GRASMERE CHURCH
With the exception of a brief residence in France and Germany, Wordsworth spent eighty years on English soil, and mainly in the Lake Country. He was born in the North, went to school in a little village near Lake Windermere, and spent his life at Grasmere and at Rydal Mount only three or four miles distant. His life was free from struggles, either mental or material, and was one of meditation and quiet growth. In contrast with Byron, he was a poet of reflection; unlike Shelley, he saw Nature as the intimate companion of the spirit; and he sought beauty in the simplicity of obscure lives and daily experience rather than in the richness of imagination or in that fairy land of mythology which laid its spell on Keats.
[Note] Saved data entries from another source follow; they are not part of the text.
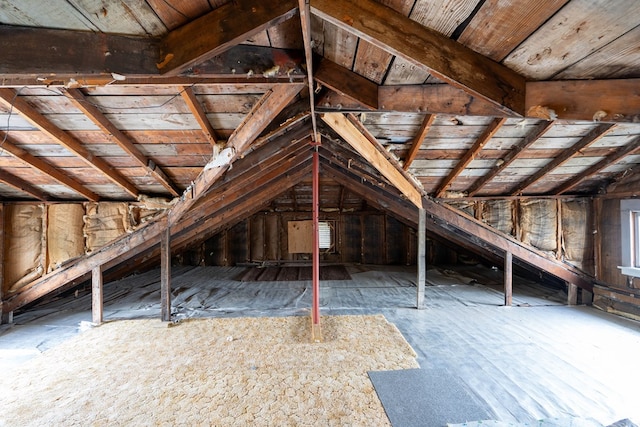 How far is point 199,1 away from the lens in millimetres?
1029

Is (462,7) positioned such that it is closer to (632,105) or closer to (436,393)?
(632,105)

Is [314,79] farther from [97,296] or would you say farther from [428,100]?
[97,296]

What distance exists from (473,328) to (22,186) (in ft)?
17.6

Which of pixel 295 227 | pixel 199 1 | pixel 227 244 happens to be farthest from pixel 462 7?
pixel 227 244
He was deeply religious, and saw Nature as a revelation of the divine mind; a visible and material creation, penetrated and filled by the divine spirit. His years of inspiration were few; but his conscientious industry was untiring. In his creative moods he wrote some of the noblest and most perfect poetry in English; in his moods of faithful industry he wrote much thoughtful but unpoetic verse. In the latter class fall his long poems; in the former class fall many of his shorter pieces, in which lofty thought and deep feeling are fused in an art of exquisite simplicity and purity. “The Prelude” and “The Excursion” contain passages of great beauty; but they are valuable chiefly to students. In the ten years which followed the publication of the “Lyrical Ballads” in 1798 he wrote many poems which are for all people and for all time. Such poetry as “Lucy,” “To a Highland Girl,” “The Solitary Reaper,” “To a Cuckoo,” “I Wandered Lonely,” “She Was a Phantom of Delight,” “Three Years She Grew in Sun and Shade,” ought to be planted in the minds of children as refuges from the commonplace, and as a protection from all that is cheap and inferior in life and art. In the “Ode to Duty,” that on “Intimations of Immortality,” in many stanzas from the long poems, and in a group of sonnets, Nature and Life are interpreted in an art which is both commanding and beautiful. At his best, in depth of thought, loyalty to truth, spiritual insight, purity of feeling, and that simplicity which is the last achievement of art, Wordsworth belongs among the half-dozen great poets of England.
RYDAL MOUNT
Wordsworth’s home.
ALFOXDEN HOUSE
Wordsworth’s temporary home as it is now.